The stringed instruments are not less numerous. They appear to have been unknown to the Aztecs, and the Peruvians used only the tinya, a guitar with six strings. But the Chinese had a great number of them, among which the kin, a small lute with seven strings, held a peculiar place. It was long an object of veneration. Sages alone might venture to touch its strings; ordinary mortals should be content merely to regard it in silence with the most profound respect. An elaborate psaltery or zither called che, with twenty-five strings, was much in use, and there were several bowed instruments in the viol family, of uncertain ancient descent. The Cambodians, too, have instruments of the viol family, notably the tro-khmer, a three-stringed viol held like the 'cello when played. The Siamese, Coreans, and Annamites all use instruments of the guitar and mandolin family with a varying number of strings. In Burmah the favorite instrument is a queer harp with thirteen strings called the soung. In Japan there are the koto, which is a pleasing-toned zither with thirteen strings; the samisen, a small guitar associated with the Geisha girls, the buva, a type of lute, and the kokin, a primitive violin. One finds in India the sarindas or sarungis, viols with sympathetic wire strings; the vina, most generally popular of Hindoo stringed instruments, a sort of lute with two gourd resonators; and the tambura, a long slender guitar with three or more strings. But of all the stringed instruments of the Orient el’ud of Arabia is most famous. It is no other in name or fact than the lute, with broad, pear-shaped body, short neck bent back at the head, and four or more strings. Introduced by the Moors into Spain about 800 A. D., it became the favorite instrument of all Europe, was developed and improved with every care, was beautified with finest art and workmanship. From Arabia, too, may have come to Europe the first primitive violins. The Arabian rebab and the Persian kemangeh are almost identical in principle with our violin. The Arabian santirs and kanoons, zithers with many strings, played with plectra adjusted like thimbles on the finger-tips, have remained Oriental.
Wind instruments are common to all races. Flutes and fifes were known both to the Aztecs and Peruvians, and flutes, flageolets, oboes, horns, bagpipes, and trumpets are in constant use among the others. With the Aztecs conch-shells took the place of trumpets of metal. Deserving of special mention are the Chinese cheng, a set of small bamboo pipes with free reeds, precursor of the modern organ; the Hindoo tubri, a popular form of bagpipe used by the snake charmers of India; and the Arab zamr, a particularly shrill variety of oboe.

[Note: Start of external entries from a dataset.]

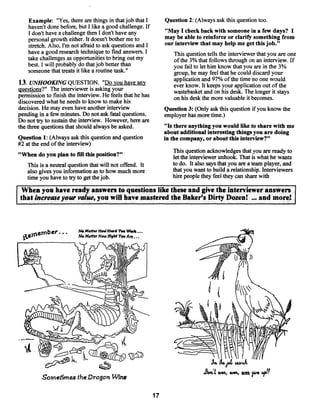 Example: “Yes, there are things in that job that I          Question 2: (Always ask this question too.
    haven’t done before, but I like a good challenge. If
    I don’t have a challenge then I don’t have any              “May I check back with someone in a few days? I
    personal growth either. It doesn’t botherme to              may be able to reinforce or clarify something from
                                                                our interview that may help me get this job.”
    stretch. Also, I’m not afraid to ask questions and I
    have a good research technique to find answers. I              This question tells the interviewer that you are one
    take challenges as opportunities to bring out my               ofthe 3% that follows through on an interview. If
    best. I will probably do that job better than                  you fail to let him know that you are in the 3%
    someone that treats it like a routine task.”                   group, he may feel that he could discard your
                                                                   application and 97% of the time no one would
13. UNHOOKING QUESTION. “Do you have any                           ever know. It keeps your application out of the
questions?” The interviewer is asking your                         wastebasket and on his desk. The longer it stays
permission to fmish the interview. He feels that he has            on his desk the more valuable it becomes.
discovered what he needs to know to make his
decision. He may even have another interview                    Question 3: (Only ask this question if you know the
pending in a few minutes. Do not ask fatal questions.           employer has more time.)
Do not try to sustain the interview. However, here are
the three questions that should always be asked.                “Is there anything you would like to share with me
                                                                about additional interesting things you are doing
Question 1: (Always ask this question and question              in the company, or about this interview?”
#2 at the end ofthe interview)
                                                                   This question acknowledges that you are ready to
“When do you plan to fill this position?”                          let the interviewer unhook. That is what he wants
   This is a neutral question that will not offend. It             to do. It also says that you are a team player, and
   also gives you information as to how much more                  that you want to build a relationship. Interviewers
   time you have to try to get thejob.                             hire people they feel theycan share with

When you have ready answers to questions like these and give the interviewer answers
that increase your value, you will have mastered the Baker’s Dirty Dozen! and more!                     ...




     ,1.tember.       -.   NoM~ftu ~fovJH.td Wu~
                                            Y.*
                  •        N.M.tf.rHcwIfi~htYøuAre,.




                                                                                  d



                                                                                      Jib
                                                                                            Wê%, W% ~   ?‘~ 4~IIt
         Sometimes the Dragon Wins

                                                           17
 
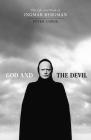 God and the Devil: The Life and Work of Ingmar Bergman Cover Image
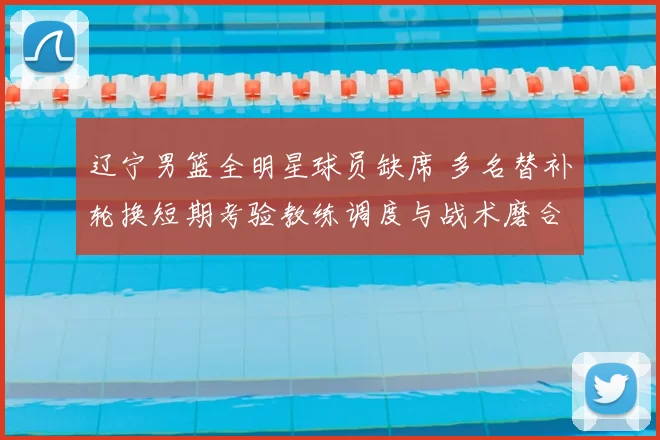 辽宁男篮全明星球员缺席 多名替补轮换短期考验教练调度与战术磨合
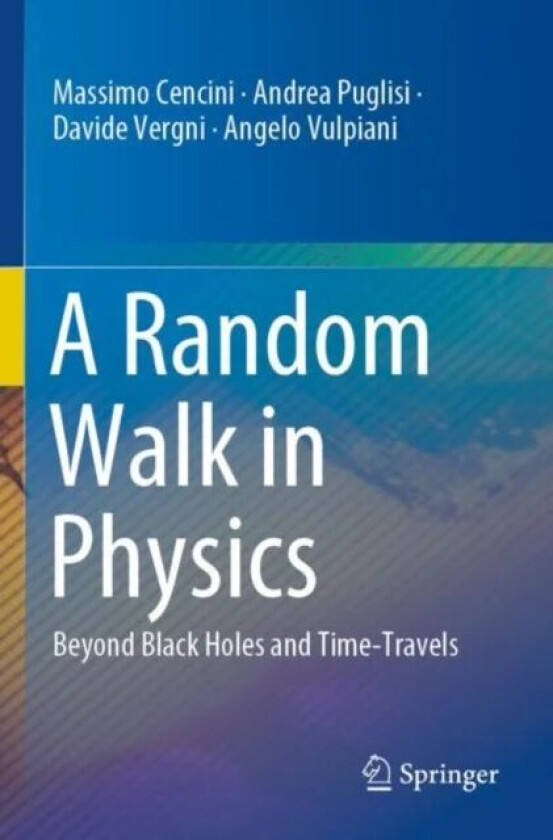 A Random Walk in Physics av Massimo Cencini, Andrea Puglisi, Davide Vergni, Angelo Vulpiani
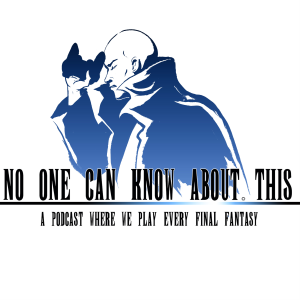 No One Can Know About This: A Podcast Where We Play Every Final Fantasy-logo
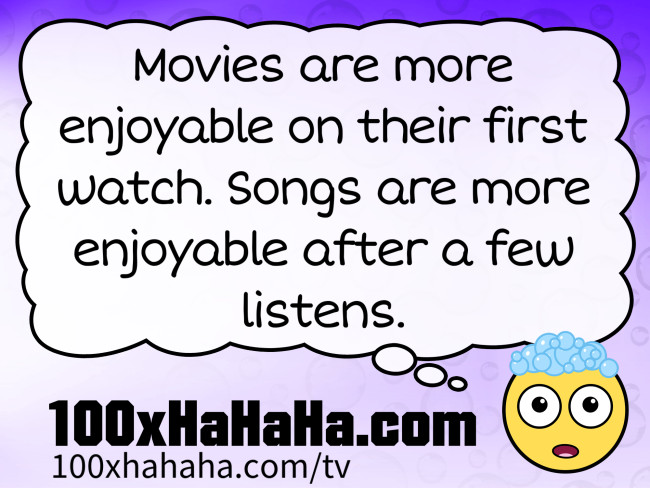 Movies are more enjoyable on their first watch. Songs are more enjoyable after a few listens.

Thus we find in use among ancient semi-civilized peoples and among the Oriental races of the past and present the three great families of musical instruments; instruments of percussion, string instruments, and wind instruments, from which we have chosen and developed our orchestra. We are recalled to the remark of Saint-Saëns, already quoted, that all the musical systems of these peoples were products of human artistic ingenuity, working instinctively for artistic ends. The instinct for expression in music works so far in all races alike. But whereas those races whose music we are discussing were content with the harsh or dry sounds of the primitive instruments we have mentioned, the races of Europe have been impelled by the desire for ever richer and more flexible tone to develop and improve these instruments. Of the clumsy, hoarse viol they have made the perfect violin; of the hunting horn the mellow French horn of the orchestra; of the tremulous clavichord and spinet the powerful pianoforte. Music has become an art of sound. Those people whom, for the sake of convenience, we group together in this chapter as exotic never dissociated music from the dance or from elaborate ceremonies of one sort or another. The art of music hardly attained independence. Therefore we are almost at a loss to appreciate it outside the highly ceremonious societies in which it played its part and a discussion of some of the uses to which it was put is necessary in our chapter.